When a defendant predicates error to this court, he has the duty and responsibility of supporting such allegation by an adequate record. Absent that record, defendant's assignment of error stands as a unilateral allegation which the review court has no power to determine. This court simply cannot rule on a question which depends for its existence upon alleged facts unsupported by the record.

State v. Wulffenstein, 657 P.2d 289, 293, cert. denied, 460 U.S. 1044, 103 S. Ct. 1443, 75 L. Ed. 2d 799 (1982); see also Utah R.App. P. 11(e)(2).[1] The lower court concluded that appointed counsel represented Rudolph at trial without his protest, that he requested continued representation by the Legal Defenders' office during sentencing, and that he permitted the lawyer to represent him on appeal, even though he also filed pro se briefs which this court considered in affirming the conviction. Rudolph, 970 P.2d at 1225. Absent evidence to the contrary, we agree with the lower court that Rudolph's request for court-appointed counsel went beyond mere acquiescence and simple cooperation. He has therefore waived his right to claim that counsel was ineffective when she did not raise his right to self-representation under the Sixth Amendment of the U.S. Constitution.

¶ 9 With respect to the second issue, we conclude that the claim of ineffective assistance of counsel in failing to challenge the Utah burglary statute on vagueness grounds has also been waived. Rudolph could and should have raised that issue himself because he filed his own briefs on direct appeal. Rudolph, 970 P.2d at 1225.

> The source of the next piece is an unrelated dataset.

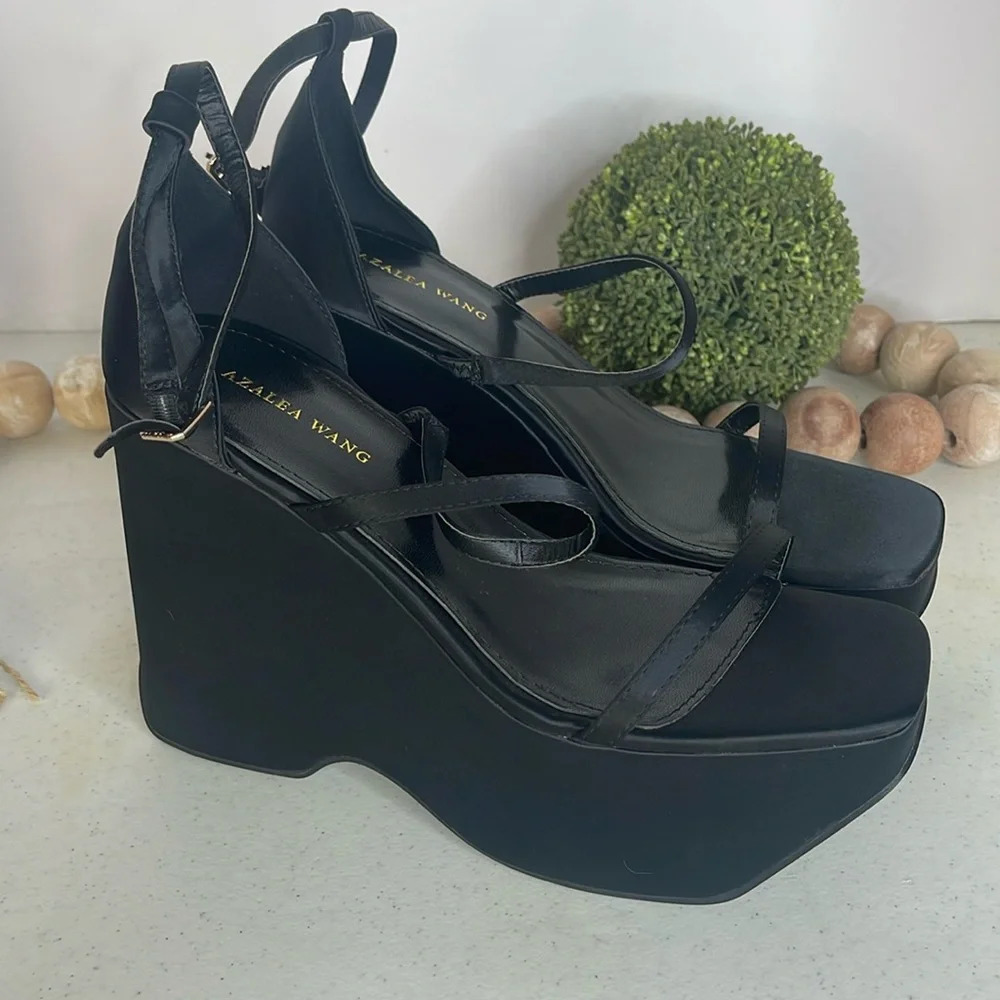AZALEA WANG TOUCH THE SKY WEDGE SANDAL IN Black Sz 9 - Picture 3 of 9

¶ 10 Even were we to reach the issue of ineffective assistance of counsel, Rudolph would still have to demonstrate (1) that his counsel's representation fell below an objective standard of reasonableness and (2) that her ineffective assistance prejudiced him. Strickland v. Washington, 466 U.S. 668, 687, 104 S. Ct. 2052, 80 L. Ed. 2d 674 (1984). Rudolph has failed to establish substandard performance under the first prong of the Strickland test. Rudolph's counsel challenged the elements of the burglary statute only through claims of erroneous jury instructions. She may well have made the tactical decision not to pursue a constitutional challenge to the burglary statute because this court endows legislative enactments with a strong presumption of validity and does not declare them unconstitutional unless there is no real basis upon which they can be construed as conforming to constitutional requirements. State v. DeBooy, 2000 UT 32, ¶ 28, 996 P.2d 546 (citing cases); see also State v. Krueger, 1999 UT App 54, ¶ 21, 975 P.2d 489. Counsel's challenge to the jury instructions achieved the same result, and that trial strategy did not fall below an objective standard of reasonableness.

¶ 11 Having found no substandard performance on behalf of counsel, we need not reach the second prong of the Strickland test.

CONCLUSION

¶ 12 We hold that Rudolph's request for court-appointed counsel continued through *470 his appeal as of right, and thus counsel was not ineffective in not raising the issue of self-representation. Likewise, counsel was not ineffective when she did not challenge the burglary statute on vagueness grounds. The denial of the petition for post-conviction relief is affirmed.

NOTES

[1] (2) Transcript required of all evidence regarding challenged finding or conclusion. If the appellant intends to urge on appeal that a finding or conclusion is unsupported by or is contrary to the evidence, the appellant shall include in the record a transcript of all evidence relevant to such finding or conclusion. Neither the court nor the appellee is obligated to correct appellant's deficiencies in providing the relevant portions of the transcript.